Having control is all about being prepared, so, as above, make sure that you have a plan that you can stick to, or have priorities in case your plans have to change. Break down your larger tasks into more bite-size pieces. This will help you keep more control over your projects.

Take time

In running your own business, it can be easy to get caught up in the fast paced work environment. However, it is this fast pace that may cause you stress and to burn out. It can also be easy to make mistakes when working at a fast pace, so slow down and make sure that your work is of the best quality.

Take breaks, get away or delegate tasks, anything to make sure that you have a bit of down time for a bit of mental health recovery. Use some time to meet with friends or industry peers who may be able to help you out with a new perspective on your work.

Find a new approach

If your usual working methods are making you stressed, why not explore different ways of working. If your work allows why not try working from home so that you can minus the travel time and work in the comfort of your own home.

Use resources

There is no shame in admitting you can’t handle a task. However, if you still need to work on and complete your project, see if you can delegate or quickly learn a new skill so that you can still perform to the best of your ability.

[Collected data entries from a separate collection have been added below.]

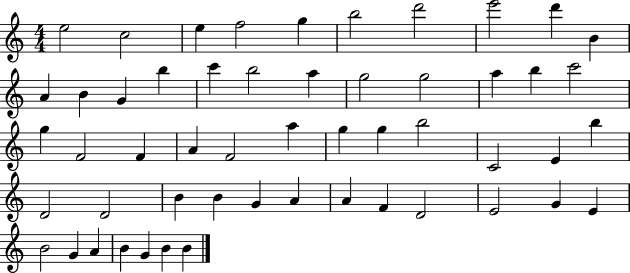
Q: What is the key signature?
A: C major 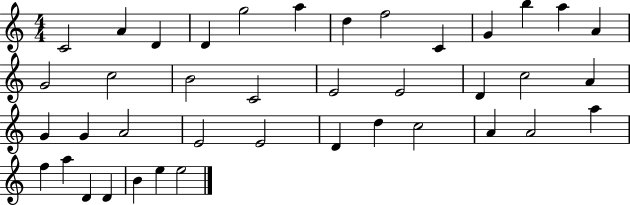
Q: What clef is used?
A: treble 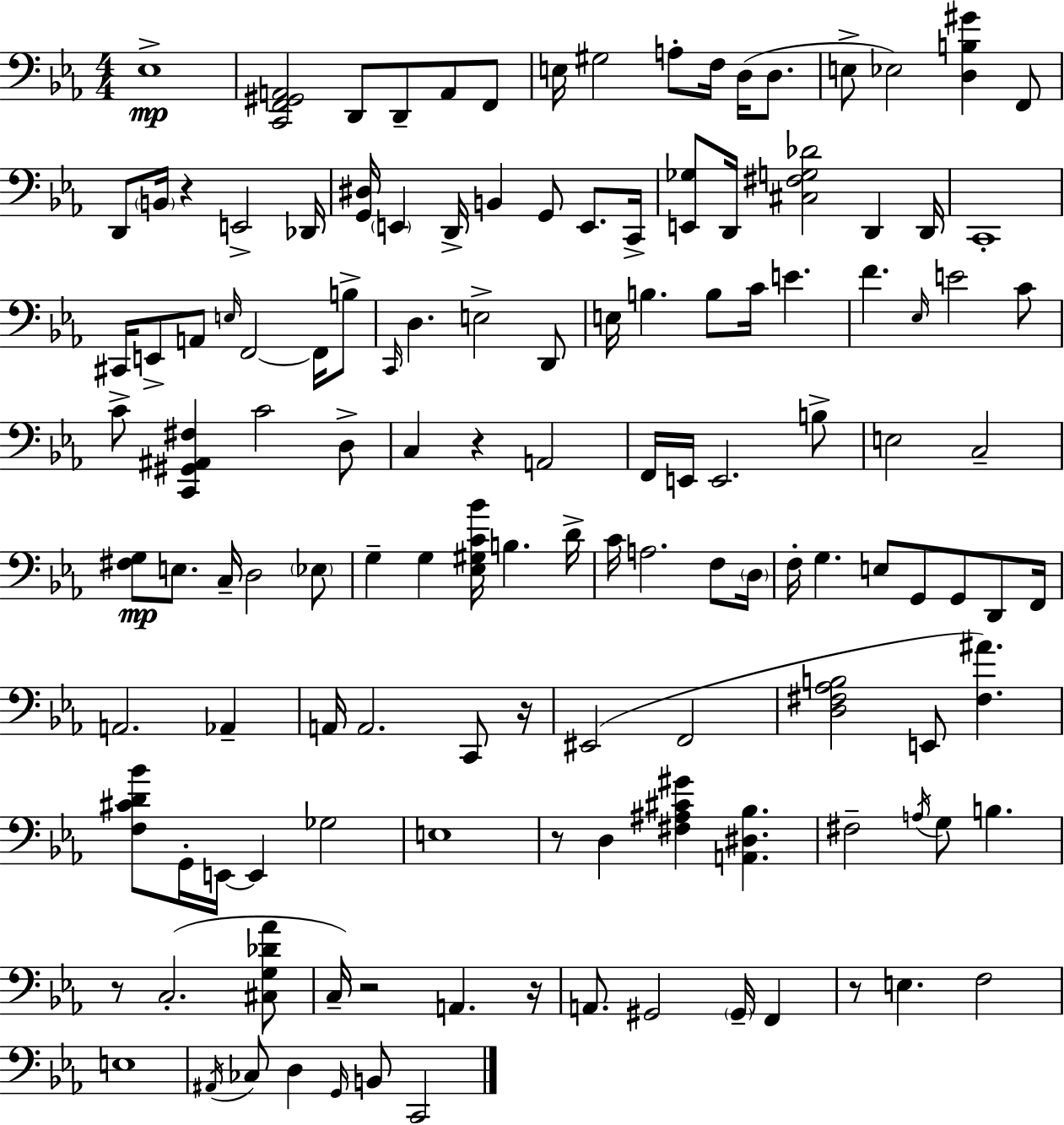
X:1
T:Untitled
M:4/4
L:1/4
K:Cm
_E,4 [C,,F,,^G,,A,,]2 D,,/2 D,,/2 A,,/2 F,,/2 E,/4 ^G,2 A,/2 F,/4 D,/4 D,/2 E,/2 _E,2 [D,B,^G] F,,/2 D,,/2 B,,/4 z E,,2 _D,,/4 [G,,^D,]/4 E,, D,,/4 B,, G,,/2 E,,/2 C,,/4 [E,,_G,]/2 D,,/4 [^C,^F,G,_D]2 D,, D,,/4 C,,4 ^C,,/4 E,,/2 A,,/2 E,/4 F,,2 F,,/4 B,/2 C,,/4 D, E,2 D,,/2 E,/4 B, B,/2 C/4 E F _E,/4 E2 C/2 C/2 [C,,^G,,^A,,^F,] C2 D,/2 C, z A,,2 F,,/4 E,,/4 E,,2 B,/2 E,2 C,2 [^F,G,]/2 E,/2 C,/4 D,2 _E,/2 G, G, [_E,^G,C_B]/4 B, D/4 C/4 A,2 F,/2 D,/4 F,/4 G, E,/2 G,,/2 G,,/2 D,,/2 F,,/4 A,,2 _A,, A,,/4 A,,2 C,,/2 z/4 ^E,,2 F,,2 [D,^F,_A,B,]2 E,,/2 [^F,^A] [F,^CD_B]/2 G,,/4 E,,/4 E,, _G,2 E,4 z/2 D, [^F,^A,^C^G] [A,,^D,_B,] ^F,2 A,/4 G,/2 B, z/2 C,2 [^C,G,_D_A]/2 C,/4 z2 A,, z/4 A,,/2 ^G,,2 ^G,,/4 F,, z/2 E, F,2 E,4 ^A,,/4 _C,/2 D, G,,/4 B,,/2 C,,2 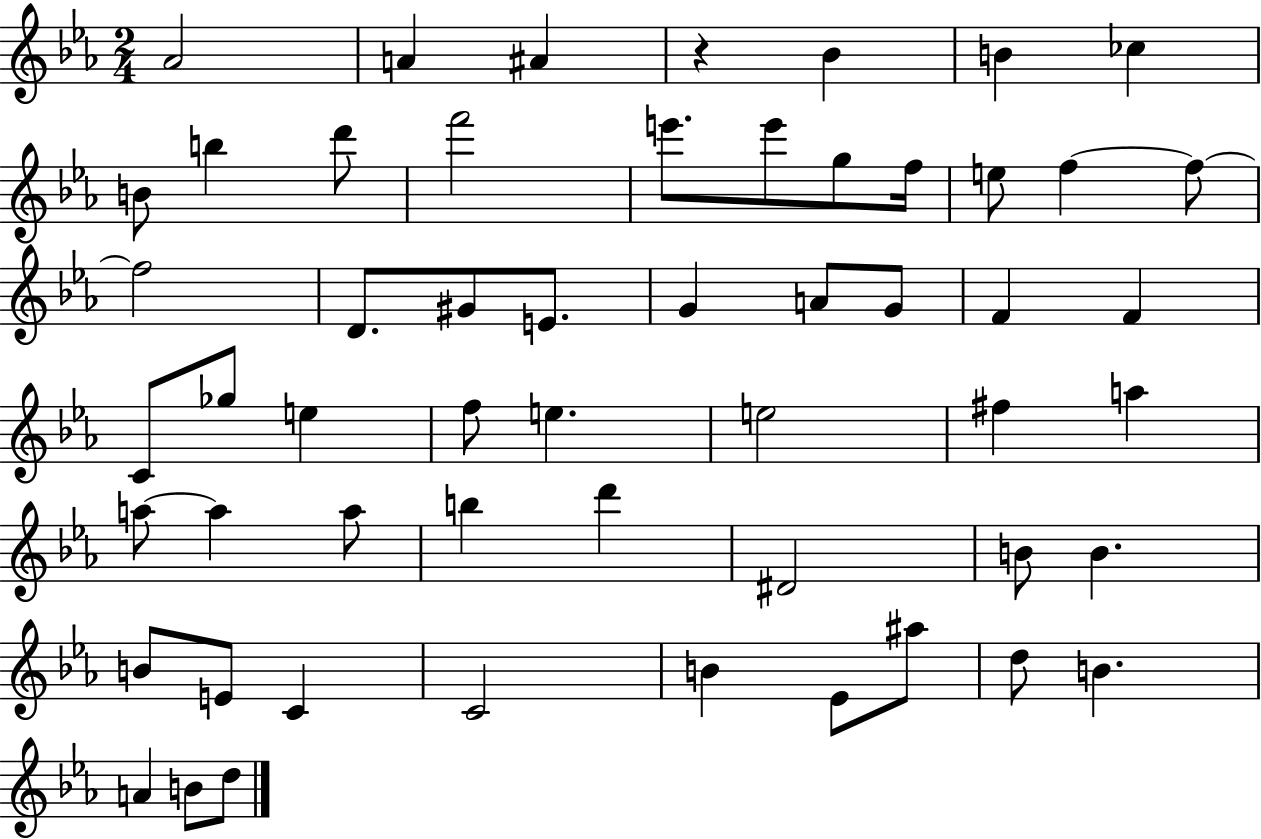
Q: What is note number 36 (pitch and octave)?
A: A5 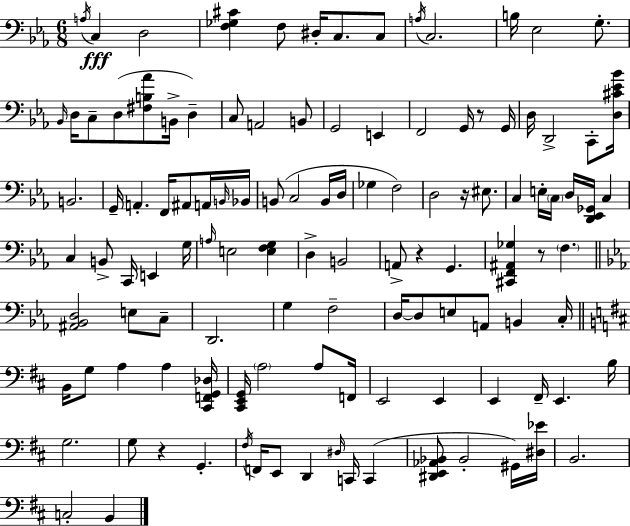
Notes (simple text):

A3/s C3/q D3/h [F3,Gb3,C#4]/q F3/e D#3/s C3/e. C3/e A3/s C3/h. B3/s Eb3/h G3/e. Bb2/s D3/s C3/e D3/e [F#3,B3,Ab4]/e B2/s D3/q C3/e A2/h B2/e G2/h E2/q F2/h G2/s R/e G2/s D3/s D2/h C2/e [D3,C#4,Eb4,Bb4]/s B2/h. G2/s A2/q. F2/s A#2/e A2/s B2/s Bb2/s B2/e C3/h B2/s D3/s Gb3/q F3/h D3/h R/s EIS3/e. C3/q E3/s C3/s D3/s [D2,Eb2,Gb2]/s C3/q C3/q B2/e C2/s E2/q G3/s A3/s E3/h [E3,F3,G3]/q D3/q B2/h A2/e R/q G2/q. [C#2,F2,A#2,Gb3]/q R/e F3/q. [A#2,Bb2,D3]/h E3/e C3/e D2/h. G3/q F3/h D3/s D3/e E3/e A2/e B2/q C3/s B2/s G3/e A3/q A3/q [C#2,F2,G2,Db3]/s [C#2,E2,G2]/s A3/h A3/e F2/s E2/h E2/q E2/q F#2/s E2/q. B3/s G3/h. G3/e R/q G2/q. F#3/s F2/s E2/e D2/q D#3/s C2/s C2/q [D#2,E2,Ab2,Bb2]/e Bb2/h G#2/s [D#3,Eb4]/s B2/h. C3/h B2/q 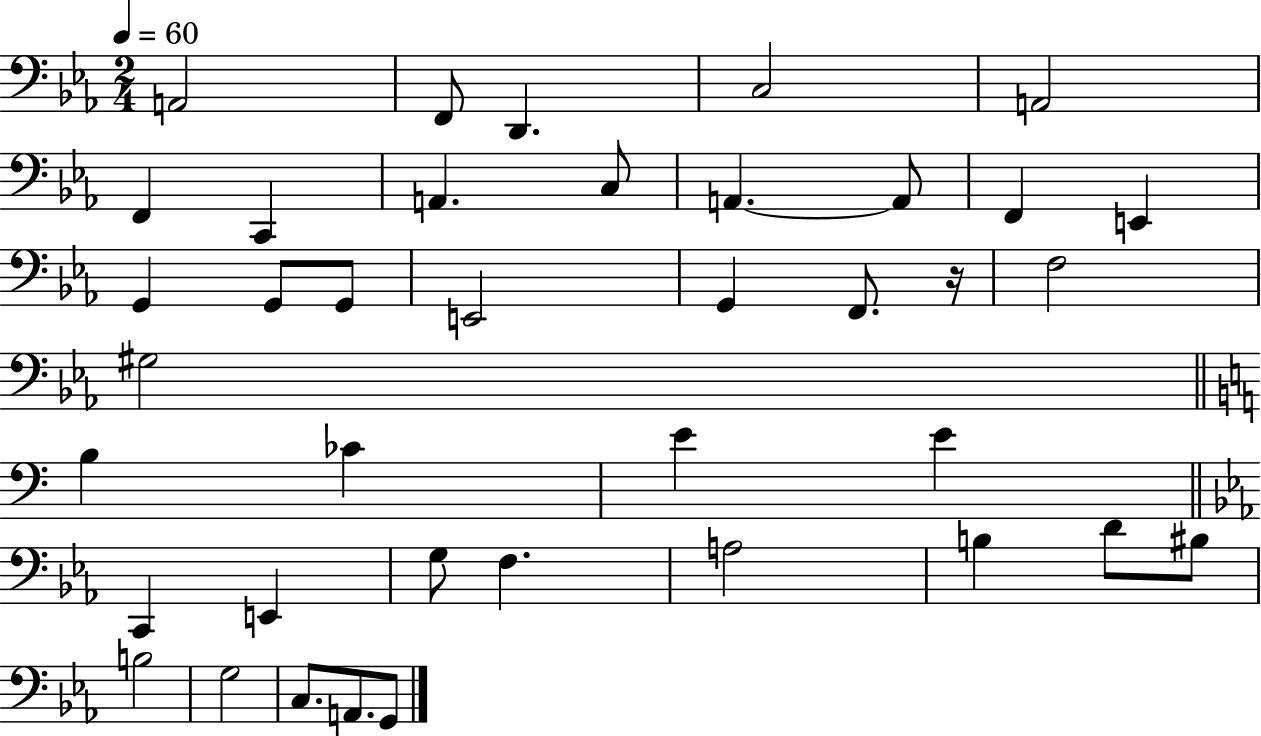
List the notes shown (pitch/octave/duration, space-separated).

A2/h F2/e D2/q. C3/h A2/h F2/q C2/q A2/q. C3/e A2/q. A2/e F2/q E2/q G2/q G2/e G2/e E2/h G2/q F2/e. R/s F3/h G#3/h B3/q CES4/q E4/q E4/q C2/q E2/q G3/e F3/q. A3/h B3/q D4/e BIS3/e B3/h G3/h C3/e. A2/e. G2/e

Earlier this year, Premierline’s parent company, Allianz, announced a three year partnership deal with mental health charity, Mind. Allianz set the target of raising £1m for the charity for the three years. This was also the target set by Allianz in the last charity partnership with Association of Air Ambulances, which was successful in passing the £1m milestone.

The partnership signifies Allianz, and Premierline’s, dedication to supporting positive mental health, both in the work place and in our personal lives. Since the charity partnership started in February, Premierline has already raised almost £3,000, with many more charity events to come this year.